Task: An exact copy of the listing below is the answer, with the pictures removed.

Recorded data:
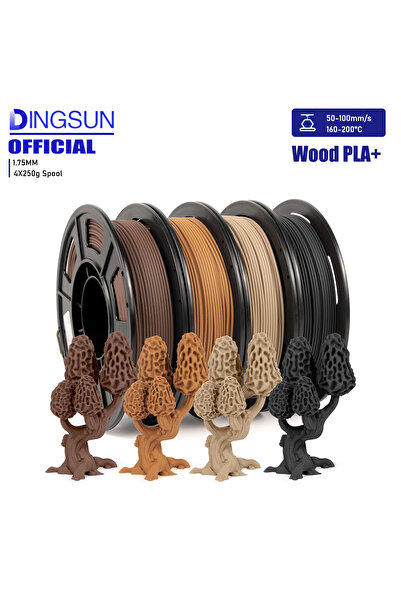 Choice4 4 Color set 1000g Wood Color Filament 1.75 PLA+, Wood PLA+ Filament,2...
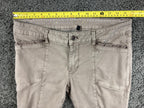 White House Black Market The Skinny Ankle Pants Tan Embroidered Zip Hem Sz 8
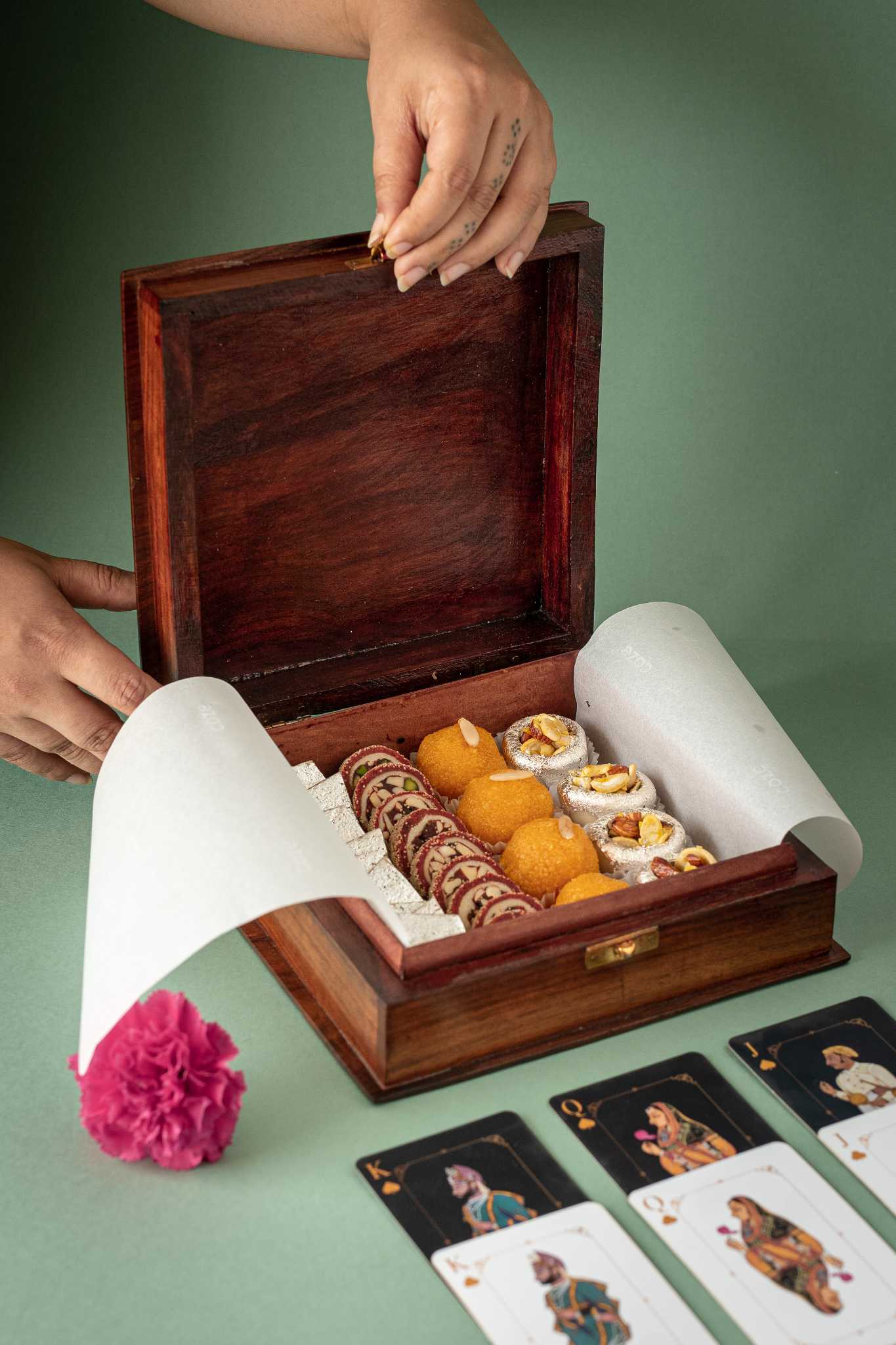 Phool Tarkashi sliding wooden box with intricate handcrafted details, offering elegant storage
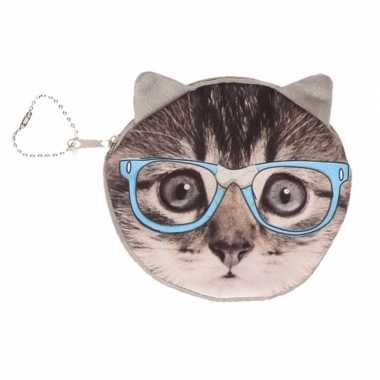 Dierenprint portemonnee grijze kat met bril 10 x 11 cm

Result of the task:
 Choice4 4 Color set 1000g Wood Color Filament 1.75 PLA+, Wood PLA+ Filament,2...
 White House Black Market The Skinny Ankle Pants Tan Embroidered Zip Hem Sz 8
 Phool Tarkashi sliding wooden box with intricate handcrafted details, offering elegant storage
 Dierenprint portemonnee grijze kat met bril 10 x 11 cm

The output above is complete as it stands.